Hmm, I applied this without taking too much of a look at it. I'm going
to modified it a little (sorry, I'm about to take another trip and need
to get this tested before I leave).

Comments below...


On Mon, 24 Jul 2017 15:21:06 +0800
Chunyu Hu <chuhu@xxxxxxxxxx> wrote:

> per_cpu trace directories and files are created for all possible cpus,
> but only the cpus which have ever been on-lined have their own per cpu
> ring buffer (allocated by cpuhp threads).

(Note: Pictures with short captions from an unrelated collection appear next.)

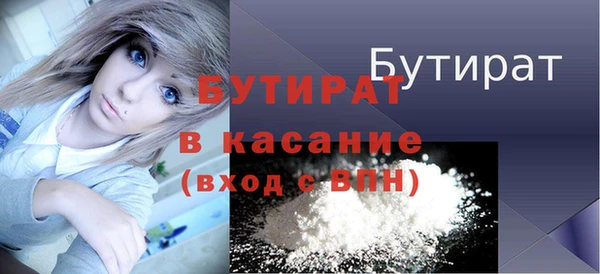 скорость mdpv Горняк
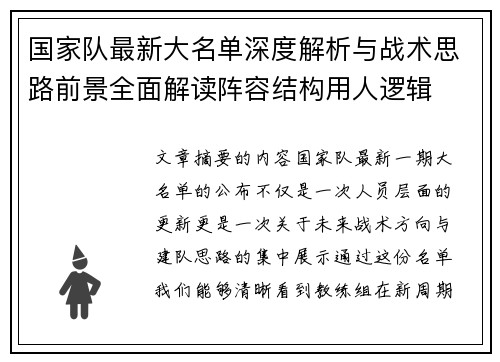 国家队最新大名单深度解析与战术思路前景全面解读阵容结构用人逻辑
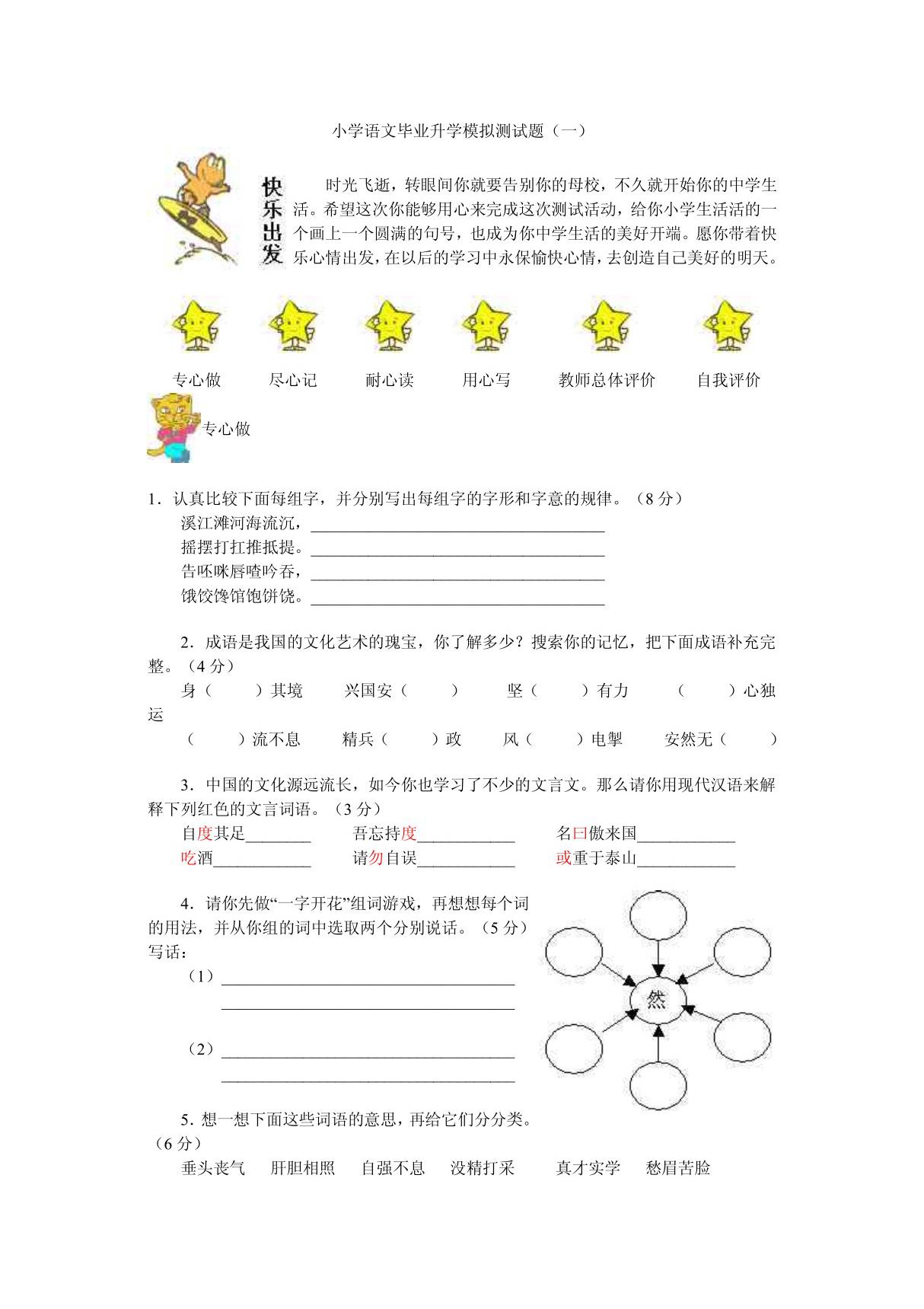 小学语文毕业升学模拟测试题(一)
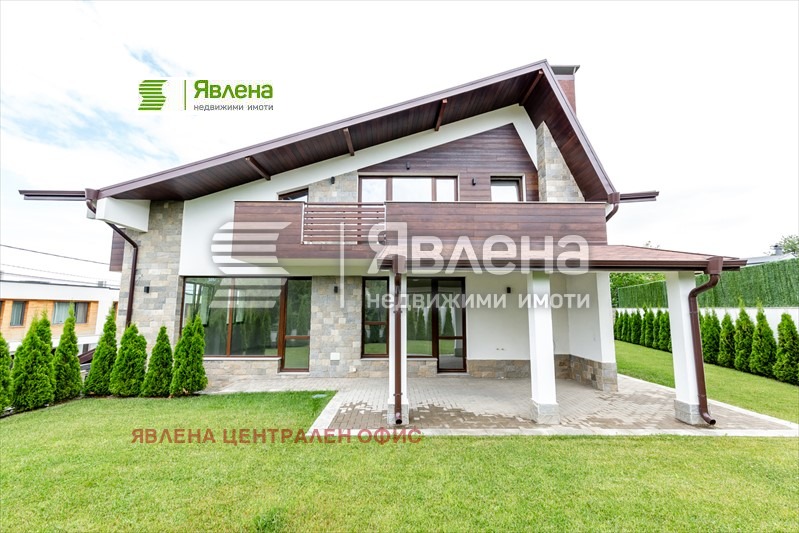 Продава КЪЩА, с. Герман, област София-град, снимка 9 - Къщи - 48580170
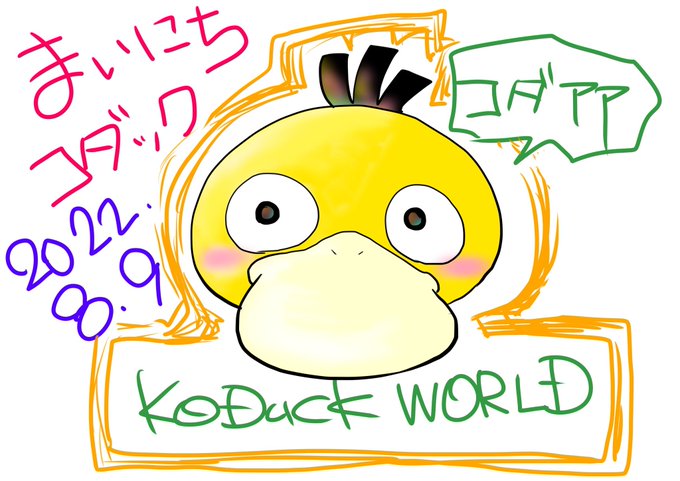 毎日コダックのtwitterイラスト検索結果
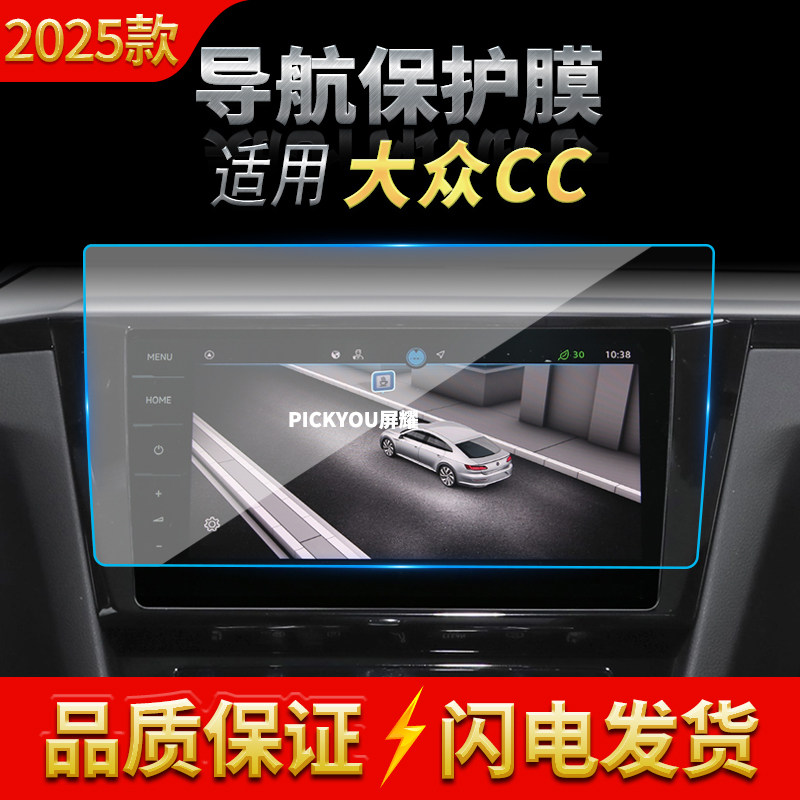 适用25款大众CC导航钢化膜中控台屏幕仪表高清保护膜车载改装用品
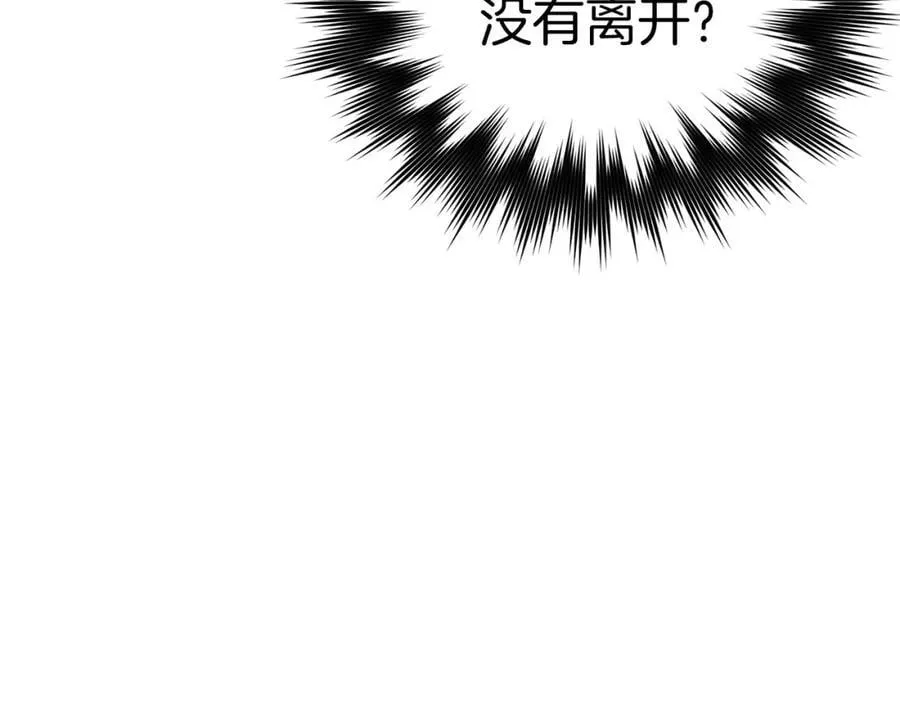 第58话 普洛西亚 第132页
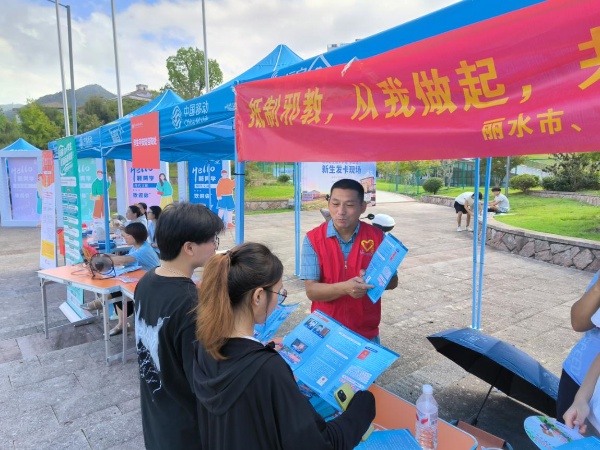 600浙江丽水多部门联合开展反邪教宣传活动 为大学新生筑牢“思想防线” 图片1_副本.jpg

While trace_buffers_open, the
> open handler for trace file 'trace_pipe_raw' is always trying to access
> field of ring_buffer_per_cpu, and would panic with the NULL pointer.
>
> Align the behavior of trace_pipe_raw with trace_pipe, that returns -NODEV
> when openning it if that cpu does not have trace ring buffer.
>
> Reproduce:
> cat /sys/kernel/debug/tracing/per_cpu/cpu31/trace_pipe_raw
> (cpu31 is never on-lined, this is a 16 cores x86_64 box)
>
> Tested with:
> 1) boot with maxcpus=14, read trace_pipe_raw of cpu15.
> Got -NODEV.
> 2) oneline cpu15, read trace_pipe_raw of cpu15.
> Get the raw trace data.
>
> Call trace:
> [ 5760.950995] RIP: 0010:ring_buffer_alloc_read_page+0x32/0xe0
> [ 5760.961678] tracing_buffers_read+0x1f6/0x230
> [ 5760.962695] __vfs_read+0x37/0x160
> [ 5760.963498] ? __vfs_read+0x5/0x160
> [ 5760.964339] ? security_file_permission+0x9d/0xc0
> [ 5760.965451] ? __vfs_read+0x5/0x160
> [ 5760.966280] vfs_read+0x8c/0x130
> [ 5760.967070] SyS_read+0x55/0xc0
> [ 5760.967779] do_syscall_64+0x67/0x150
> [ 5760.968687] entry_SYSCALL64_slow_path+0x25/0x25
>
> Signed-off-by: Chunyu Hu <chuhu@xxxxxxxxxx>
> ---
> kernel/trace/ring_buffer.c | 5 +++++
> kernel/trace/trace.c | 14 +++++++++++++-
> 2 files changed, 18 insertions(+), 1 deletion(-)
>
> diff --git a/kernel/trace/ring_buffer.c b/kernel/trace/ring_buffer.c
> index 4ae268e..66c109e 100644
> --- a/kernel/trace/ring_buffer.c
> +++ b/kernel/trace/ring_buffer.c
> @@ -3002,6 +3002,11 @@ int ring_buffer_write(struct ring_buffer *buffer,
> }
> EXPORT_SYMBOL_GPL(ring_buffer_write);
>
> +bool rb_per_cpu_allocated(struct ring_buffer *buffer, int cpu)
> +{
> + return !!cpumask_test_cpu(cpu, buffer->cpumask);

The "!!" is not needed. The compiler will convert it for you.

> +}
> +
> static bool rb_per_cpu_empty(struct ring_buffer_per_cpu *cpu_buffer)
> {
> struct buffer_page *reader = cpu_buffer->reader_page;
> diff --git a/kernel/trace/trace.c b/kernel/trace/trace.c
> index 42b9355..508a1ca 100644
> --- a/kernel/trace/trace.c
> +++ b/kernel/trace/trace.c
> @@ -6542,11 +6542,16 @@ static int snapshot_raw_open(struct inode *inode, struct file *filp)
>
> #endif /* CONFIG_TRACER_SNAPSHOT */
>
> +extern bool rb_per_cpu_allocated(struct ring_buffer *buffer, int cpu);
> +

This must be in a header file.


> static int tracing_buffers_open(struct inode *inode, struct file *filp)
> {
> struct trace_array *tr = inode->i_private;
> + struct trace_buffer *tb = &tr->trace_buffer;

Other places use the variable "trace_buf" for this. Need to stay
consistent.

> + struct ring_buffer *buffer = tb->buffer;

Actually, why even have that variable? It's not used anywhere else.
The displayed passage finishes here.